● Task directions:
Below are some records. Quote exactly the lines from the one that contains "Motyl siedzący na kweicie" through the last, both included, and leave out the pictures.

[[ Data to use open ]]

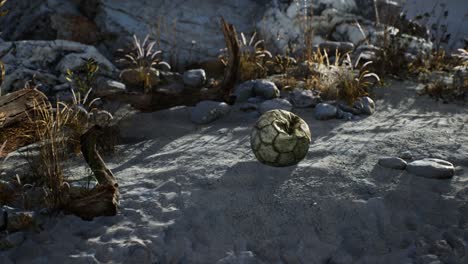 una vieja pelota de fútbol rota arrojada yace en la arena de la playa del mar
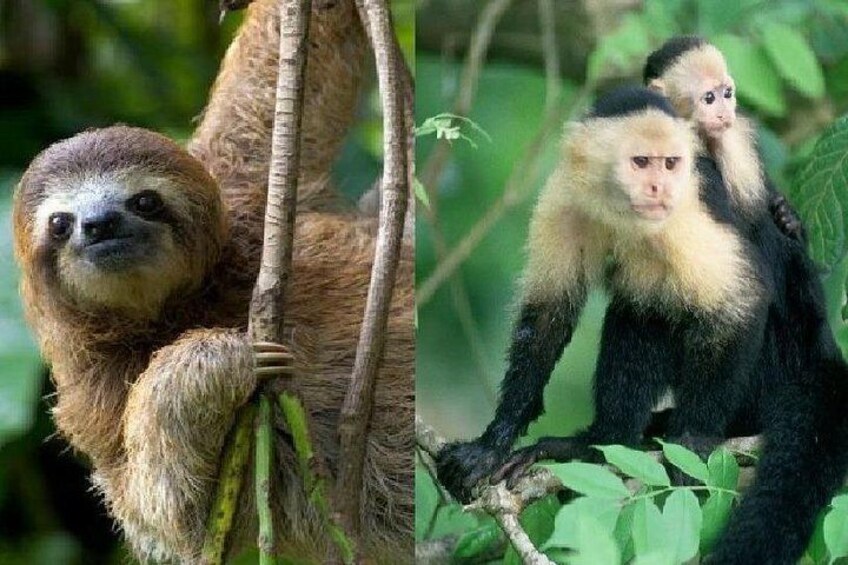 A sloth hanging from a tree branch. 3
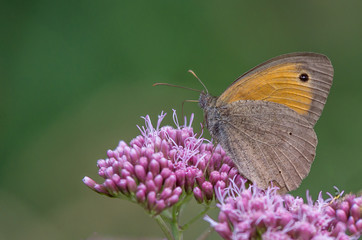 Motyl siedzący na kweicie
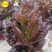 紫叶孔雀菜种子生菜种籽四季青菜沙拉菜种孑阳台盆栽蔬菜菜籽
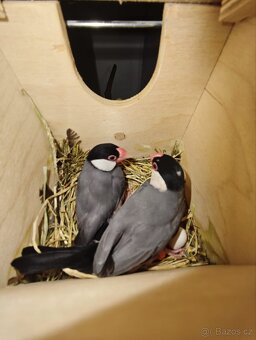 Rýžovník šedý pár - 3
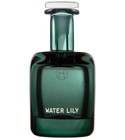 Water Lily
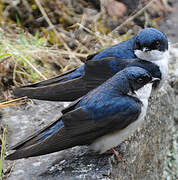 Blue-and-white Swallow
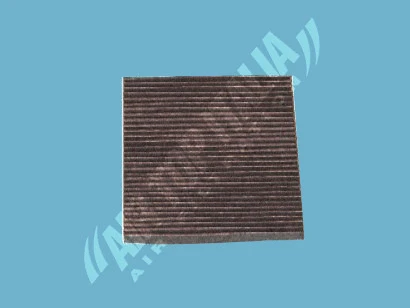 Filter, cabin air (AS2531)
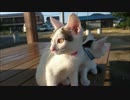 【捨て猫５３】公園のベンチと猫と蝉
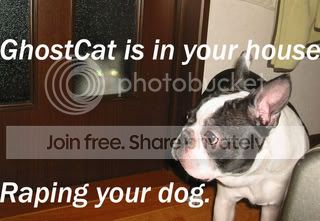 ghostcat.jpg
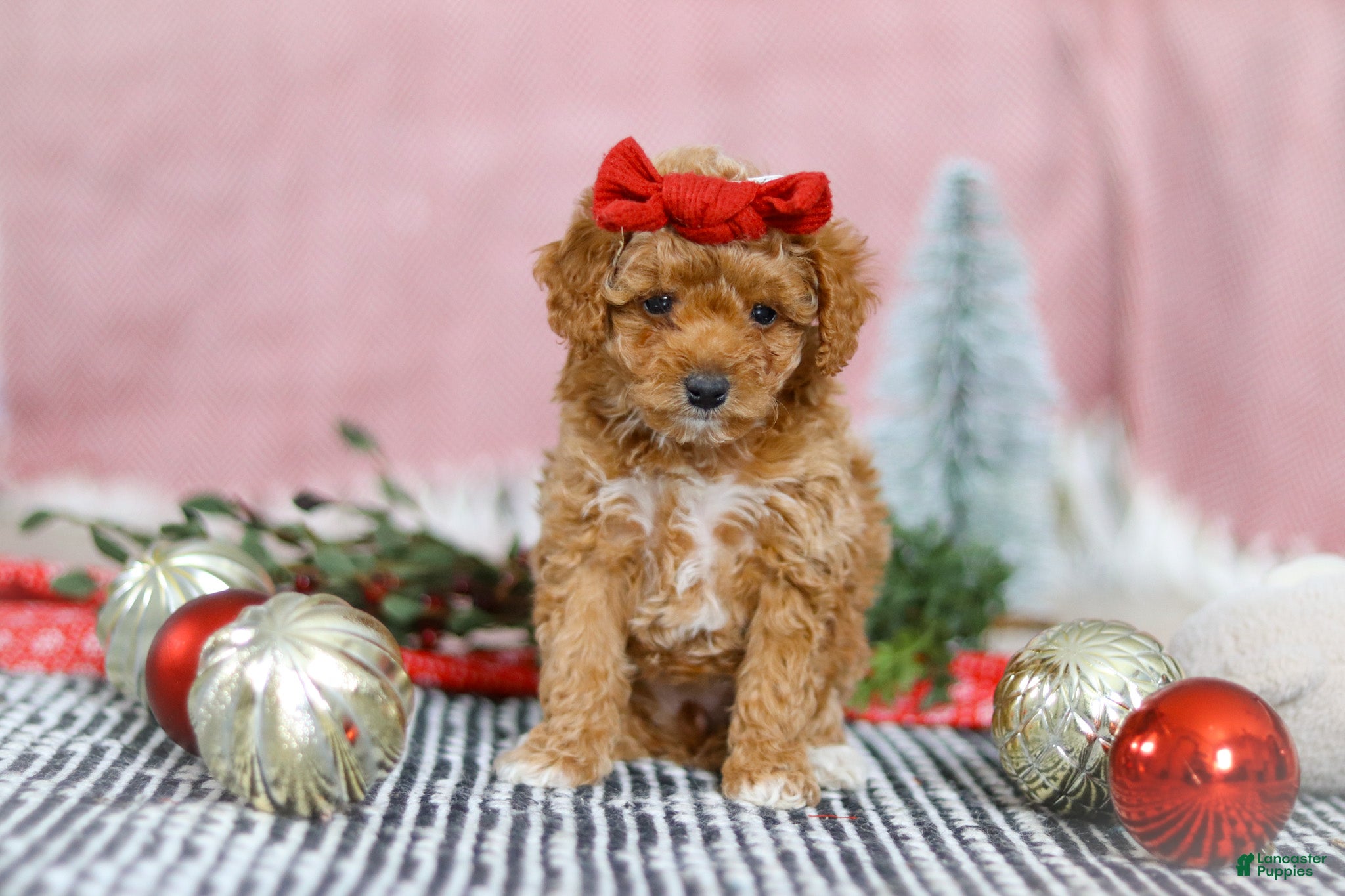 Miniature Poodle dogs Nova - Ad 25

[[ Data to use closed ]]

● Output of the task:
 Motyl siedzący na kweicie
 紫叶孔雀菜种子生菜种籽四季青菜沙拉菜种孑阳台盆栽蔬菜菜籽
 Rýžovník šedý pár - 3
 Water Lily
 Blue-and-white Swallow
 Filter, cabin air (AS2531)
 【捨て猫５３】公園のベンチと猫と蝉
 ghostcat.jpg
 Miniature Poodle dogs Nova - Ad 25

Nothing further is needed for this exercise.